◆ Problem: Your output should be everything below from the line containing "<p>Sebaceous glands</p>" down to the line containing "Hortus Eystettensis Commentarium", both ends included, copied exactly, with pictures left out.

◆ Input for this task:
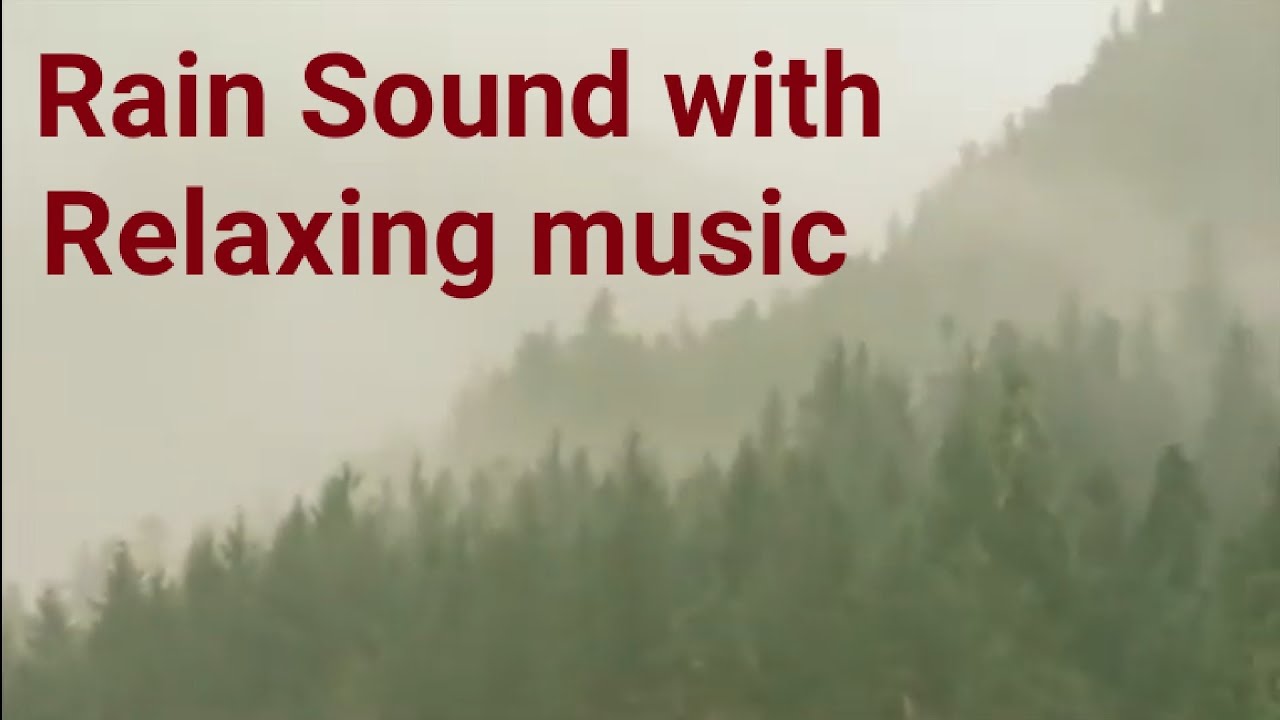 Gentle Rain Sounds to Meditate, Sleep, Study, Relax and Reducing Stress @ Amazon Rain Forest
--
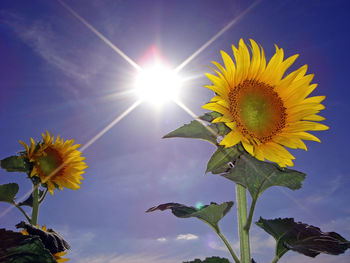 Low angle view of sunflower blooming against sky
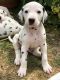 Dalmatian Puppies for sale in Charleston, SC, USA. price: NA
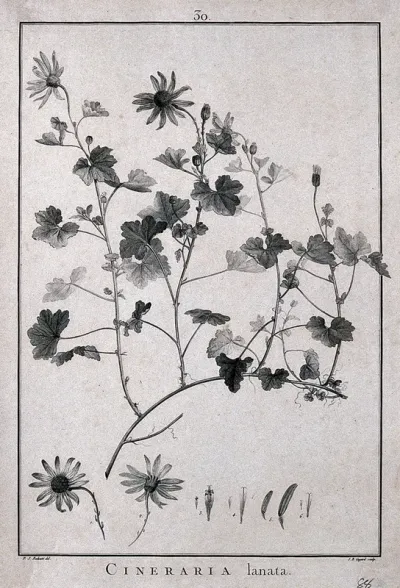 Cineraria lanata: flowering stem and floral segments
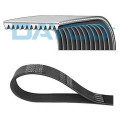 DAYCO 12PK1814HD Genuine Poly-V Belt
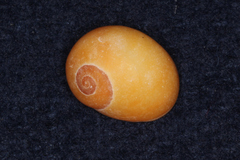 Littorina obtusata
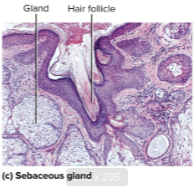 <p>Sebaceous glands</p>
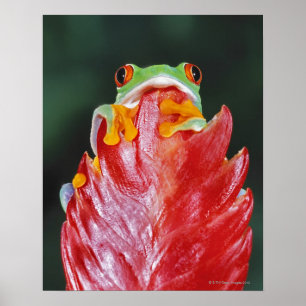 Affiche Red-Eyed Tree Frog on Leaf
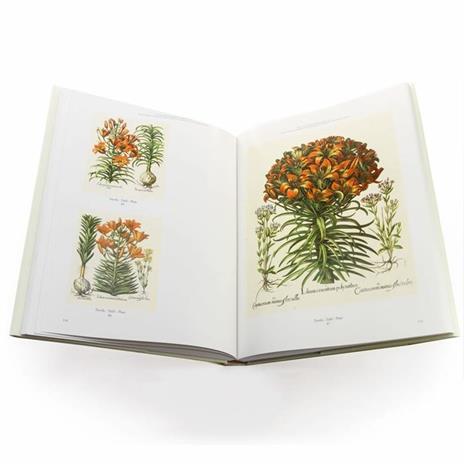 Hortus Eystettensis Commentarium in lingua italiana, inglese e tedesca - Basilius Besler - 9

◆ Result:
 <p>Sebaceous glands</p>
 Affiche Red-Eyed Tree Frog on Leaf
 Hortus Eystettensis Commentarium in lingua italiana, inglese e tedesca - Basilius Besler - 9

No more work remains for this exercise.